*Activity*. Pictures in the listing below are skipped, while the lines from the "LPG संकट के" line through the "Un Caffe specialty" line are returned word for word.

*Data in this exercise*.
+--
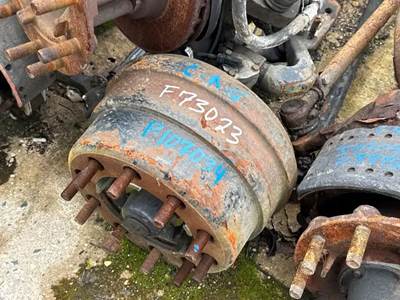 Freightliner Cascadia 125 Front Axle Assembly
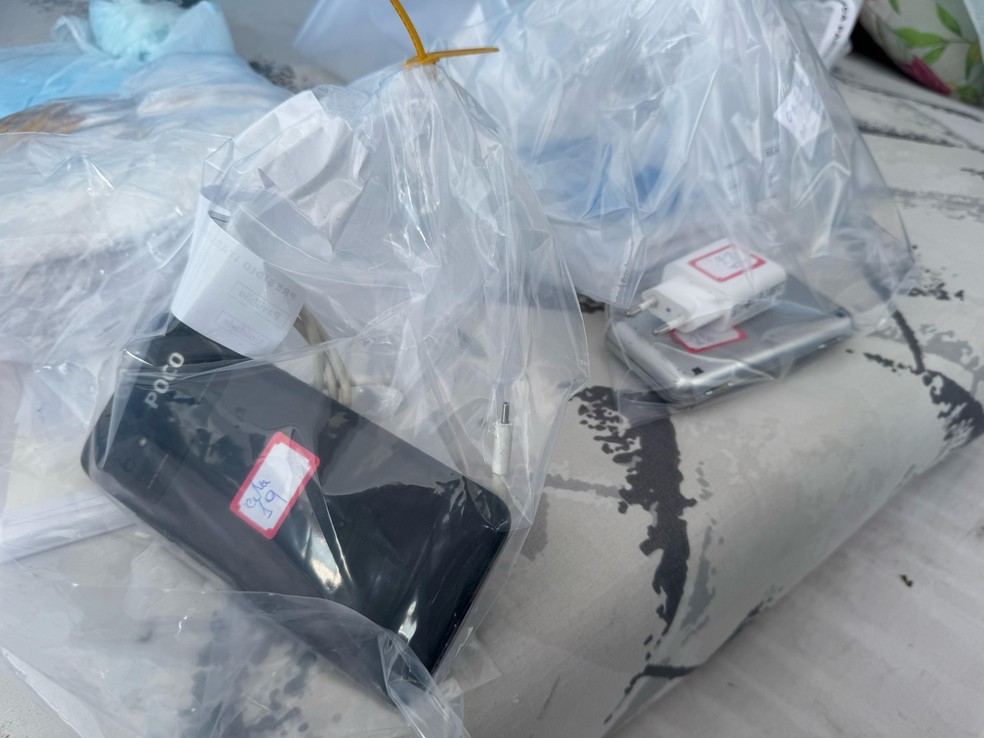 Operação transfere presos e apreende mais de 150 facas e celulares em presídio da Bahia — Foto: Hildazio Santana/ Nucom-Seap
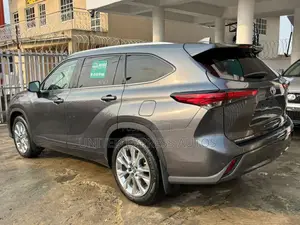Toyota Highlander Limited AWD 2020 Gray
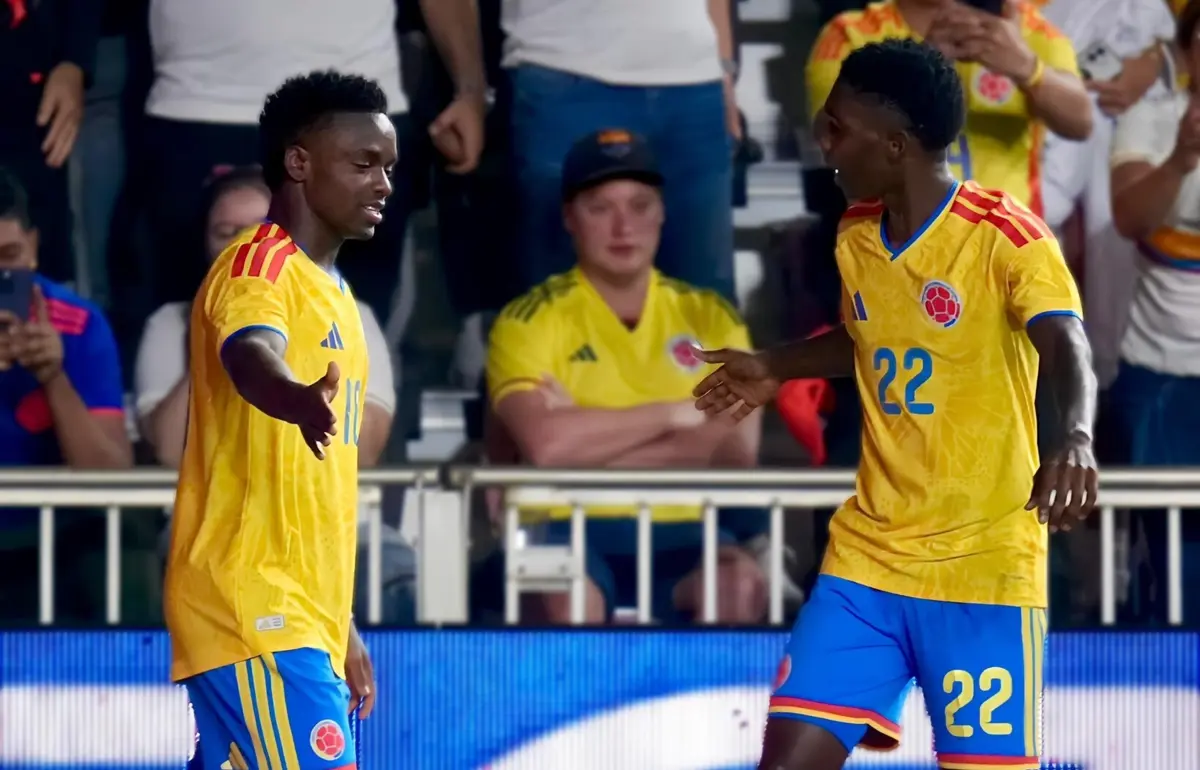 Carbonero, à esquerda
+--
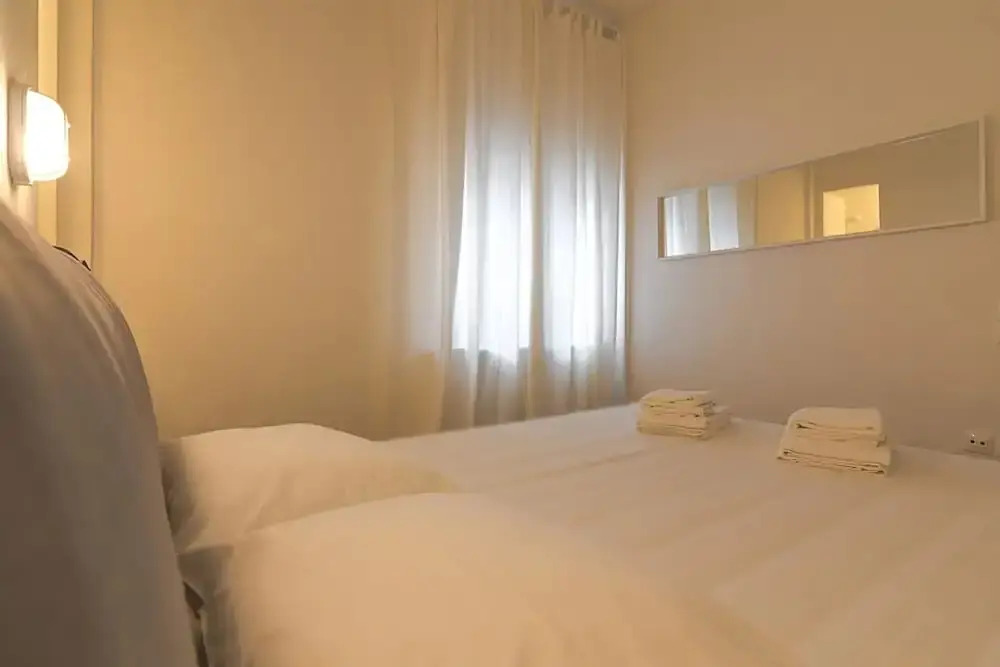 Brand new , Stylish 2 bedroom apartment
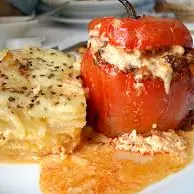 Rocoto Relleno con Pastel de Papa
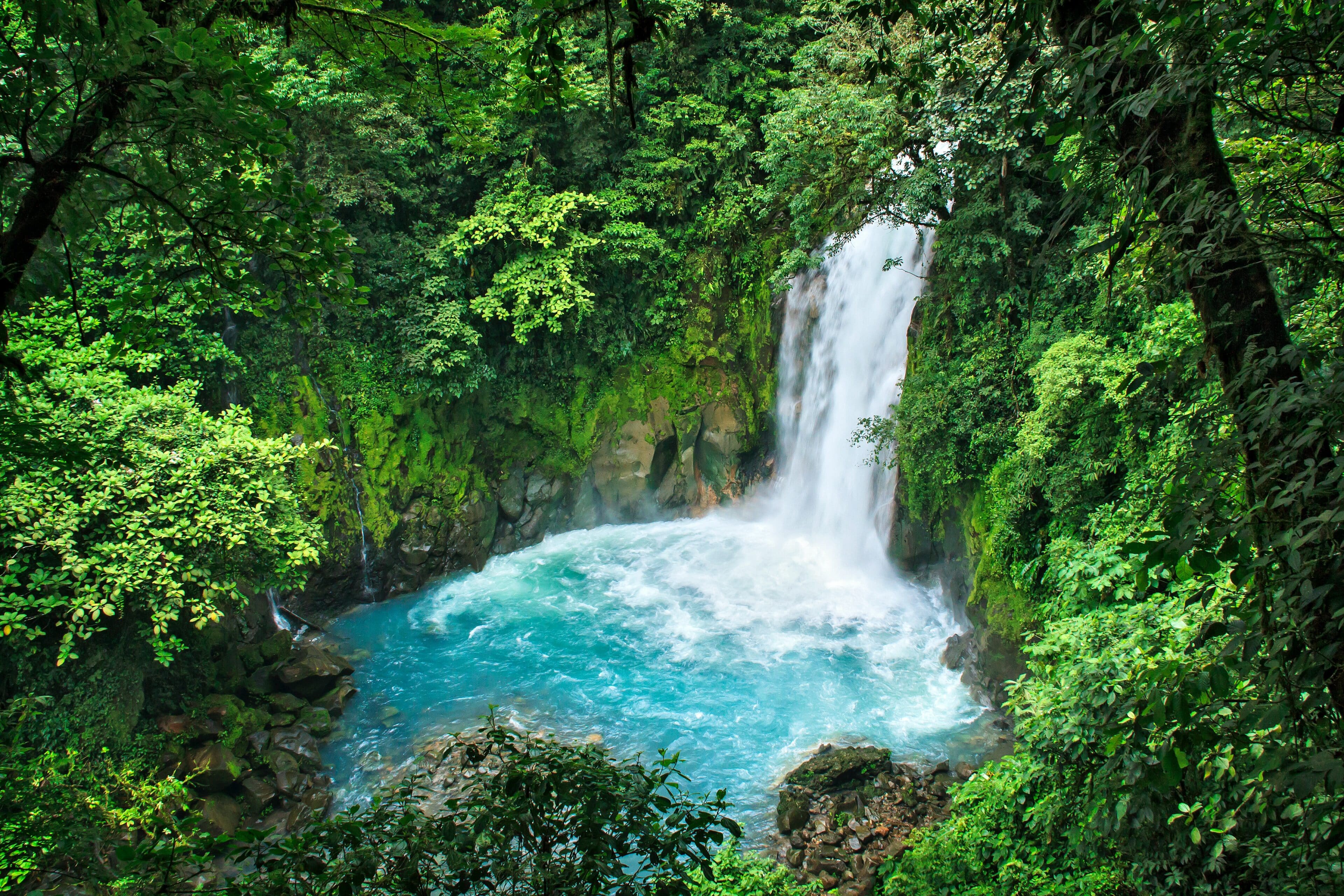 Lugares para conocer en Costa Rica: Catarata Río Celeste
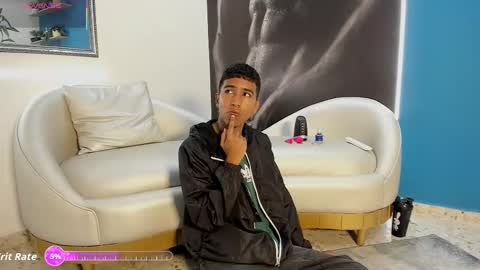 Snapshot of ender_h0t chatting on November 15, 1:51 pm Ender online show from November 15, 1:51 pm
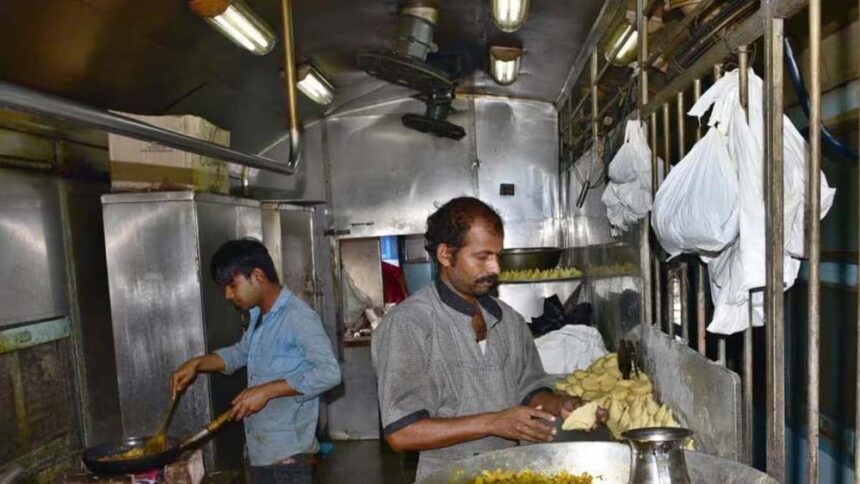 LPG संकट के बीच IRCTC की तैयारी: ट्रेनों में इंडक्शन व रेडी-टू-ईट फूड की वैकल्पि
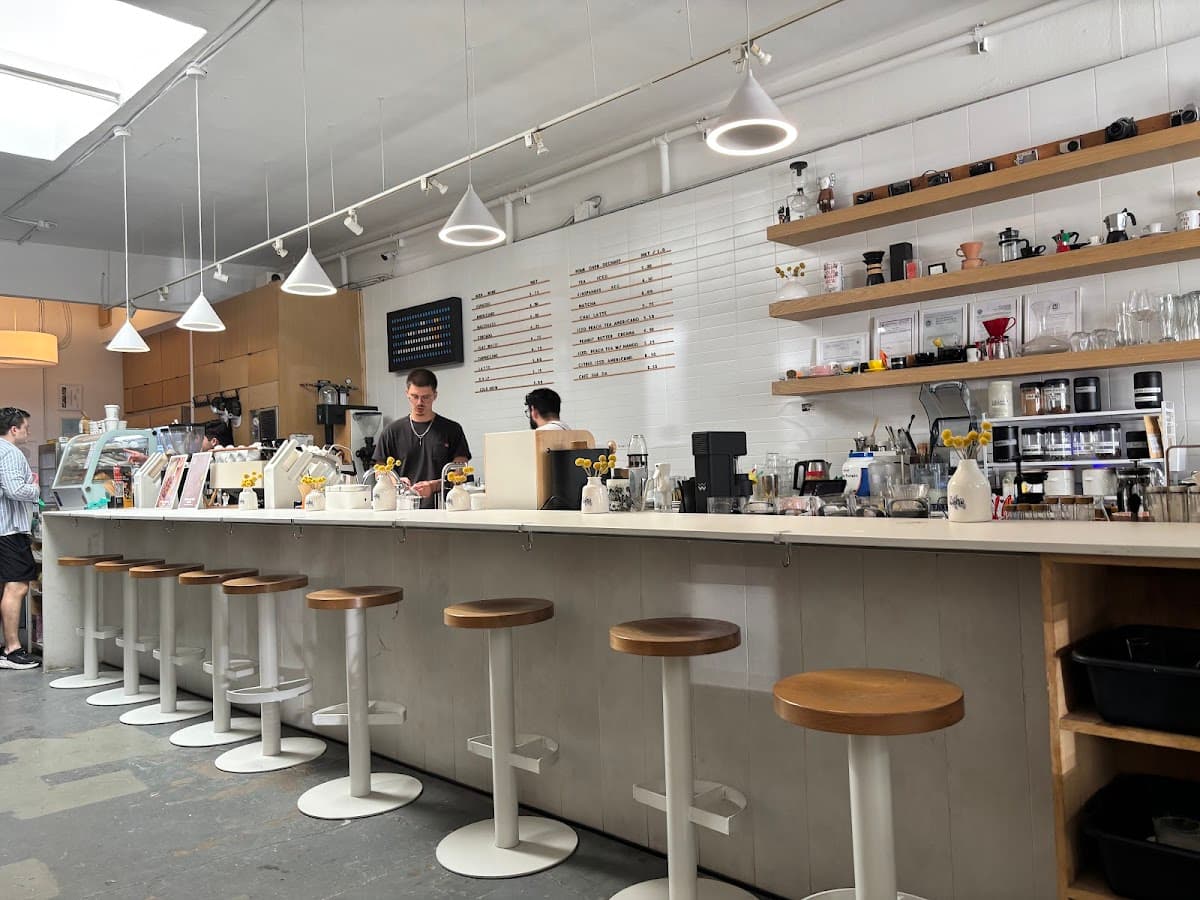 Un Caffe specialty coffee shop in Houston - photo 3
+--
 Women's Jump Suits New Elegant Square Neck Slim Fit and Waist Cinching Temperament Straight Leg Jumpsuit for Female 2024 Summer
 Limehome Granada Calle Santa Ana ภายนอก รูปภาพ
+--
*Task solution*.
 LPG संकट के बीच IRCTC की तैयारी: ट्रेनों में इंडक्शन व रेडी-टू-ईट फूड की वैकल्पि
 Un Caffe specialty coffee shop in Houston - photo 3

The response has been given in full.